Tony spent many of his formative years moving from country to country as a refugee of the Lebanese civil war. While that experience of fleeing his home at a moment’s notice (never to return) and losing touch with his childhood friends was traumatic, he instinctively leaned on his creativity and humor to get through that daunting period. However, he never forgot how fortunate his family was to have escaped the danger, while others without that option remained in the war-torn country and experienced a different fate. Since that time, Tony has viewed the world as a mosaic of people who are randomly born into circumstances that may be out of their control, but who are often judged and treated differently/unequally, as if they were.
By the time that his family moved to the United States, Tony had developed some practical (and not-so-practical) talents. Using the time that he was sequestered in foreign hotels creatively, Tony entertained himself by developing games from scratch, painting model airplanes, mastering foreign accents (so he could make comical prank phone calls) and by spending endless hours learning trivial facts from The Guinness Book of World Records (e.g. memorizing Pi to 50 digits).
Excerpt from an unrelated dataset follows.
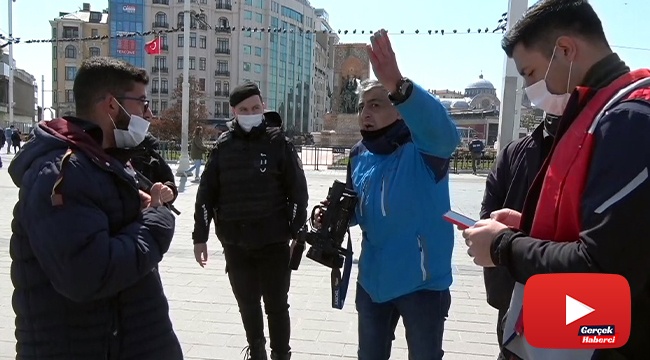 Seyyar satıcılar gazeteciyi darp etti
Tony’s parents, like those of many immigrant families, valued education and being career-minded over “creative” endeavors. As you can imagine, they were quite pleased with Tony’s accomplishments and career track: Bachelor’s degree in Math, MBA in Finance and employment on Wall Street with Salomon Brothers. Meanwhile Tony yearned for a different path, but he also believed that this trail was his way of honoring the sacrifices that his parents made for him to have a better future.
As Tony’s career evolved and he enjoyed the luxury of working from home, he was able to spend more time doing what he loved, especially painting. Working on canvas initially, he quickly found a home using vibrant colors, as if they had somehow unleashed a celebration, like finding a lost friend from his childhood. He was particularly drawn to the abstract results from moving creamy acrylics in big overlapping motions, resulting in the appearance of randomness, yet portraying interconnectedness reminiscent of his notion on our “mosaic” existence.
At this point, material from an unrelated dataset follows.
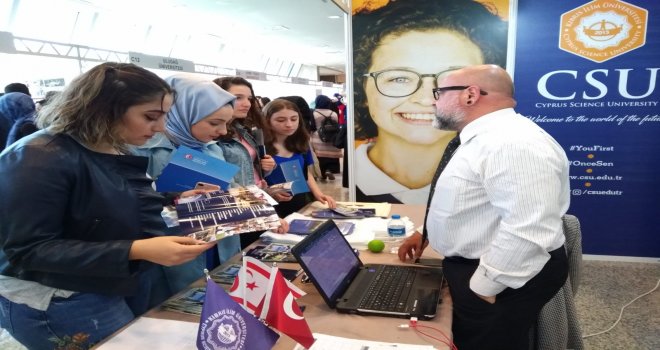 Kıbrıs İlim Üniversitesi, İstanbul’da Üniversite Tercih ve Kariyer günlerinde ilgi odağı oldu...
Tony uses the moniker “Claxon du Soleil” for his art, which translated literally means ‘the horn of the sun’ in French (figuratively, a blast from the sun). This idea came to him while recalling one of the infamous mentions of Lebanon in The Guinness Book of World Records – - ‘the greatest frequency of street honks (horns) per minute per square mile.’ In coming full circle, Tony feels that the name captures both his essence and that of his paintings. They are a loud and colorful blast of expression or joie de vivre, a sprinkling of humor and above all, a tapestry illustrating how we are all truly connected, yet randomly separated.